Also, i have to move again in a couple of months. Moving in with OH after the baby comes. How on earth am I going to capture 3 of them again?! Shall I make a 'cat trap' by closing the door at the bottom of the stairs and all the room doors so they can't run out?! Does anyone else have problems like this or am I just a bad mum to them? 

Sorry about the million questions but I love them so much and am at my wits end! Any advice/help will be appreciated. Thanks!


----------



## jeanie (Nov 11, 2007)

i have a job to catch my cats for vets what i do is shut them in one room , and corner whichever one needs to go i have a carrier that the top lifts up on so much easier than the front door ones, my cats were ferel and one hates to be touched let alone picked up , but i manage to do it once shes just shut in the one room, the other thing is mine are house cats so i dont get them running out, i would shut cat flap and all doors except one room then corner her with carrier already in that room, good luck.


----------



## spid (Nov 4, 2008)

Firstly block off the cat flap and trap her in a small room. Secondly leave the carrier around with the door open for a while so it isn't an immediate threat. Thirdly if you can get hold of any feliway spray, spray it on and in the carrier. Fourthly pick up your cat and scruff her neck really quite firmly and she should go a bit floppy and stop struggling. Then (assuming your carrier open at the front and not on the top), holding her so her back legs and against your bump, one hand scruffing her neck, the other supporting her belly and holding her front legs out in front of her ease her into the carrier. Follow through with your body to block the escape route, ONce tthe front legs and most of the body are in use the hand that held the front legs to ease the bak legs in to. Keep your hand on her scruff until the other hand is out and ready to close the door, then let go of the scruff and ease your hand out of the small gap left as you close the door. If you keep your hand up in a 'stop' gesture it will block her from sqeezing past you.

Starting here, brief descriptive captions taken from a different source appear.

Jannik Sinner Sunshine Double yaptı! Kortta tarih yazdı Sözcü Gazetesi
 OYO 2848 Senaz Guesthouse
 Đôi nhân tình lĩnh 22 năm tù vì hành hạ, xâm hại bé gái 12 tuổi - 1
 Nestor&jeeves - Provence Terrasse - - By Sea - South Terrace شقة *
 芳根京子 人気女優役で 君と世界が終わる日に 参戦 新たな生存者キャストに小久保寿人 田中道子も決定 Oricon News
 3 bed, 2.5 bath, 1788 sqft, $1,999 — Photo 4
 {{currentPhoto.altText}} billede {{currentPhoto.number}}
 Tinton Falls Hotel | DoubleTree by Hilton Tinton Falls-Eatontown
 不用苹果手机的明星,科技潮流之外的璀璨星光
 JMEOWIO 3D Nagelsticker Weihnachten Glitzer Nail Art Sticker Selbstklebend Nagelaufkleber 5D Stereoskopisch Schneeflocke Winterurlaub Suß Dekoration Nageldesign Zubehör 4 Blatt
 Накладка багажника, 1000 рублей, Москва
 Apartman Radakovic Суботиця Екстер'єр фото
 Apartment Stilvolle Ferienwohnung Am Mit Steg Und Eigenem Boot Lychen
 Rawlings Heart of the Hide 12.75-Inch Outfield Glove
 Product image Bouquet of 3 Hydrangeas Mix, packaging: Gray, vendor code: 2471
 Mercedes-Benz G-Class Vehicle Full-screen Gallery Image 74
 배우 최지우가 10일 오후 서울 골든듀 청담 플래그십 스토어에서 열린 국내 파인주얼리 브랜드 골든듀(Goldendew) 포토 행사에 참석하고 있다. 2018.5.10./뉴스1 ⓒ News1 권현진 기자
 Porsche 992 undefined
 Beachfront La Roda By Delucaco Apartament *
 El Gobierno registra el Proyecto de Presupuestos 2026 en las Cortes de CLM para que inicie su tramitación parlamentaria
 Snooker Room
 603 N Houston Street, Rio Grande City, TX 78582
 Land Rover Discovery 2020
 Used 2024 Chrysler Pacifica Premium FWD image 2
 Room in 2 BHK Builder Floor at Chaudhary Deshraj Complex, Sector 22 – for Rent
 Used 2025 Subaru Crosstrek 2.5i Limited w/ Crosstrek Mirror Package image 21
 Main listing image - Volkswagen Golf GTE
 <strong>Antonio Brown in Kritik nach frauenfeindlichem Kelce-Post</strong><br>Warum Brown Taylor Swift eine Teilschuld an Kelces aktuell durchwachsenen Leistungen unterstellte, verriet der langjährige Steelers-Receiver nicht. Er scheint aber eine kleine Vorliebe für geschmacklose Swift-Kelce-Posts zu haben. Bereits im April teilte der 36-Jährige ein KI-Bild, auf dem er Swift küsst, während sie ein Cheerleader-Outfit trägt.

It does sound like they aren't used to being carried around or touched much -were they feral once? Once you have this vet's trip sorted I would spend a long time socialising them to being used to being caught and carried and cuddled and spending time in the basket (5 mins even and then let out again). Make the basket part of their toys, put treats inside it etc. That when when you have to move them again they will be a lot easier to handle.


----------



## kbaker09 (Mar 25, 2009)

Thank you Jeanie... I will try that. Where do you get top loading carriers from? I only have the front loading ones and she always manages to stick her paws out on either side!


----------



## IndysMamma (Jan 15, 2009)

do you have an outlet of 'The Range' near you? They ofen have top loading carriers.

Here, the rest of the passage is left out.